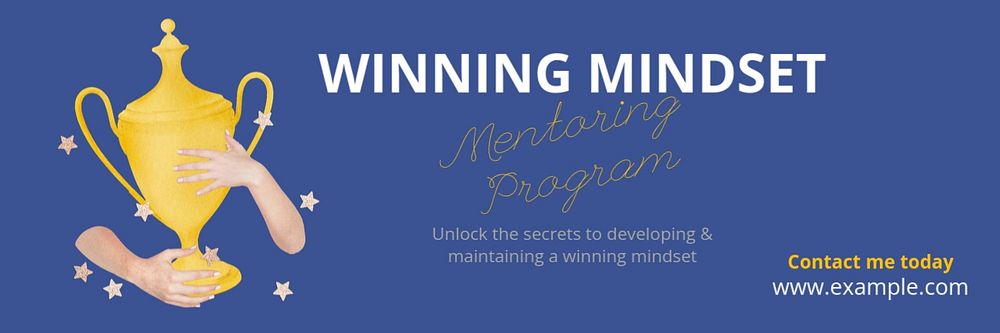 Winning mindset Twitter header template, editable design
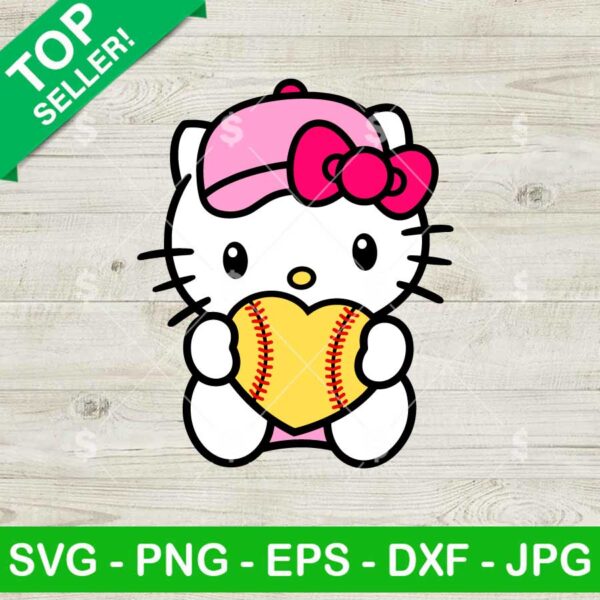 Hello Kitty Softball Heart SVG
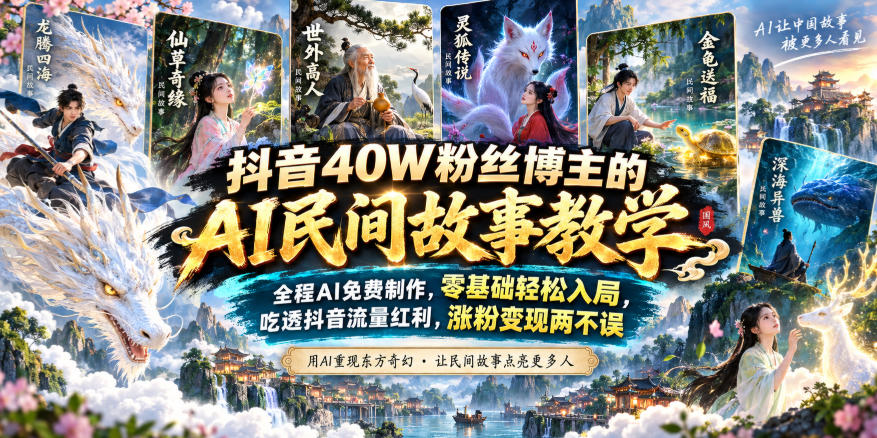 抖音40W粉丝博主的AI民间故事教学，全程AI免费制作，零基础轻松入局，吃透抖音流量红利，涨粉变现两不误-小艾项目网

What this task involves:
The answer is the full listing above, reproduced character for character, minus its images.

Written answer:
 Winning mindset Twitter header template, editable design
 Hello Kitty Softball Heart SVG
 抖音40W粉丝博主的AI民间故事教学，全程AI免费制作，零基础轻松入局，吃透抖音流量红利，涨粉变现两不误-小艾项目网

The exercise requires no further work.